DATA SEGMENT —
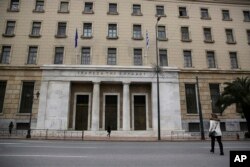 Trụ sở chính của Ngân hàng Hy Lạp tại trung tâm Athens. Việc lập lại yêu cầu đòi Đức bồi thường chiến tranh cũng được xem như là một lá bài mà Hy Lạp sử dụng.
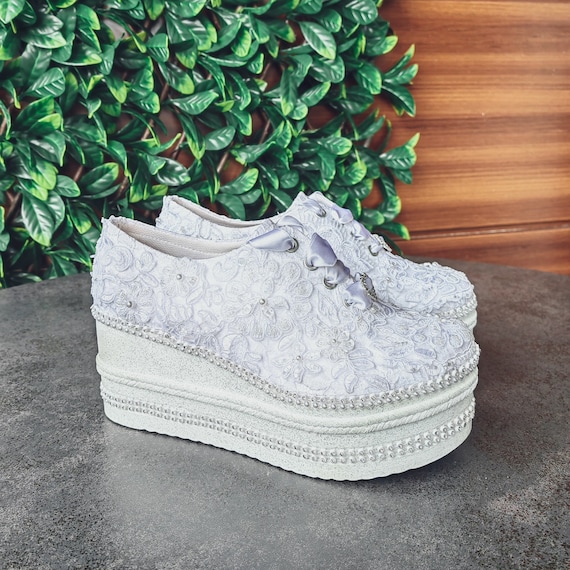 Bridal shoes wedding dress wedge bridal shoes  customizable  comfortable bridesmaid  shoes design height options color optios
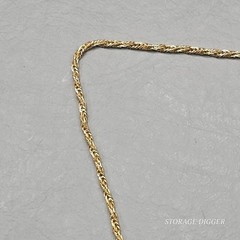 Vintage Etched Glass Flower Gold Tone Metal Round Base Pendant Necklace 25″ Long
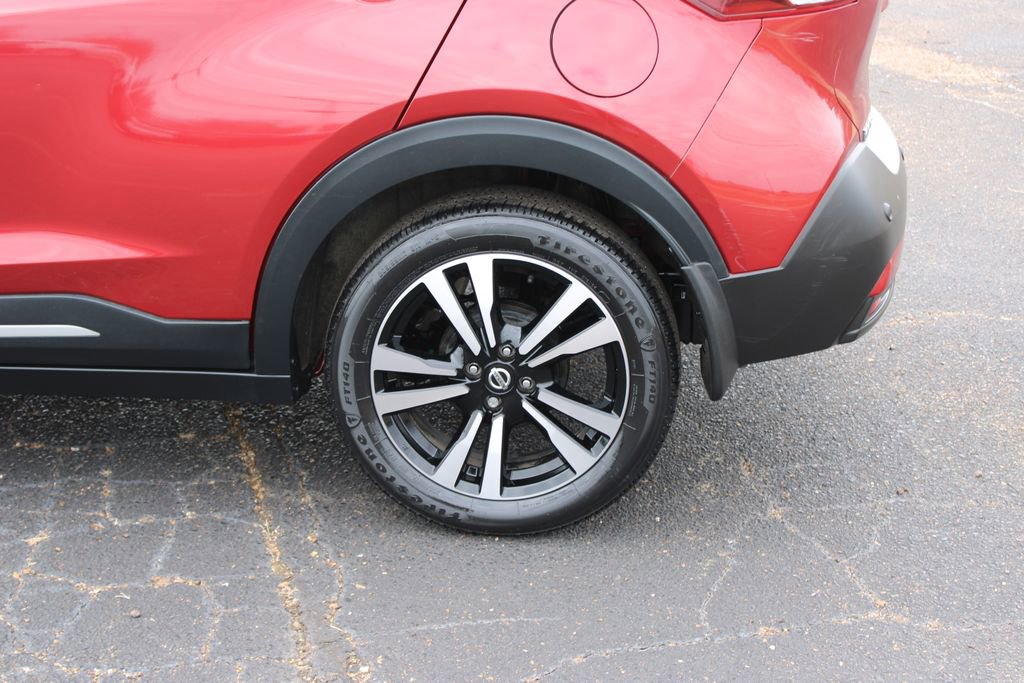Used 2020 Nissan Kicks SR image 13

YOUR TASK —
Nothing but the lines from the line with "Vintage Etched Glass" through the last line of the data above should be printed, exactly as written and without pictures.

RESPONSE AREA —
 Vintage Etched Glass Flower Gold Tone Metal Round Base Pendant Necklace 25″ Long
Used 2020 Nissan Kicks SR image 13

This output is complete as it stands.